The python programming language (3.10.11) was used throughout the study. The preprocessing pipeline was developed using EcoVAD [4], which utilizes Librosa v.0.8.1 [33] and Pydub v.0.25.1 [34] as the audio processing libraries. The data visualizations were performed using matplotlib [35]. The pandas [36] and NumPy [37] libraries were used for data loading and preprocessing. PyTorch (2.0.0) [38] was used for developing the deep learning models. The Scikit-learn [39] library was used for the evaluation of the models. The Google Colaboratory Environment [40] was used for training the models.

3. Results

3.1. Refinement of Knowledge Distillation Techniques

The performance of student models employing various knowledge distillation techniques was assessed using median Area Under the Curve (AUC) and F1 scores, providing robust central tendency measures appropriate for our data’s non-normal distribution (see Table 2). In multiple experiment runs without fixed seeds, soft target distillation yielded a median AUC of 0.98625 with a confidence interval of 0.9704 to 0.989, and a median F1 score of 0.95395 with a confidence interval of 0.9216 to 0.9596. Feature-based distillation exhibited a median AUC of 0.98795 with a confidence interval of 0.98755 to 0.99015 and a median F1 score of 0.95460 with a confidence interval of 0.95015 to 0.9583. Relational-based distillation demonstrated a median AUC of 0.98905 with a confidence interval of 0.9879 to 0.9898 and a median F1 score of 0.95900, with a confidence interval of 0.9538 to 0.96125.
A pairwise comparison of the different distillation methods, assessed by the Mann–Whitney U test, did not reveal statistically significant differences in median AUC or F1 scores between the distillation methods (all p-values > 0.05). This indicates that the performance of student models is consistent across different distillation methods, suggesting that while the refinement of knowledge distillation techniques did not improve the performance of the resulting models, no substantial reduction in performance was observed either.
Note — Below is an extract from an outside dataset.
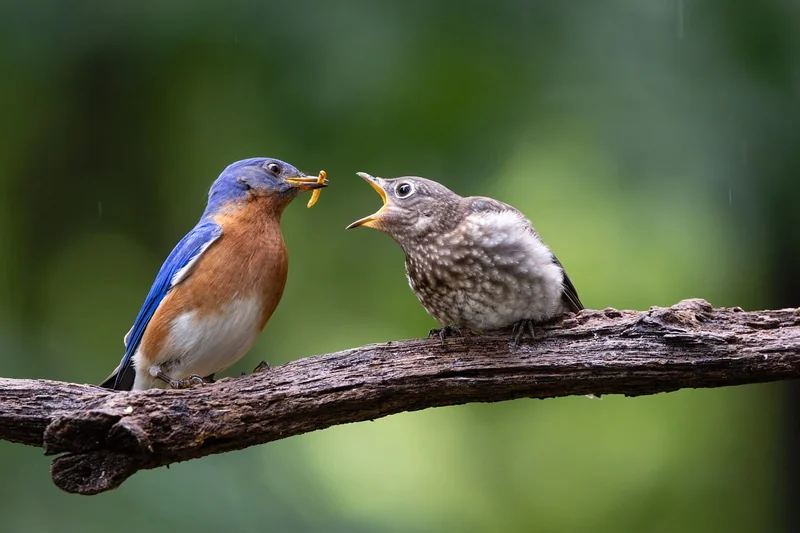 Comment nourrir un oisillon mésange ? Le guide que j'aurais aimé lire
3.2. Impact of Parameter Reduction and Efficiency on Model Accuracy

The reduction in parameters, FLOPs, multiplications, and memory utilization had varied accuracies across different distillation techniques (Figure 1). Despite these reductions, the F1 scores of the student models did not decrease when compared with the teacher-replica model. For instance, Student 1, with only 4,662,017 parameters and 388,459,000 FLOPs, achieved a median F1 score of 0.9552 in the relational distillation method, which was higher than the teacher-replica model’s F1 score of 0.9376.
The results indicate that the models are not in alignment with the assumption that a direct linear relationship exists between reductions in model parameters—inclusive of floating-point operations per second (FLOPs), multiplications, and memory utilization—and model accuracy, as Student 2 and Student 4 outperformed Student 1 and Student 3, respectively.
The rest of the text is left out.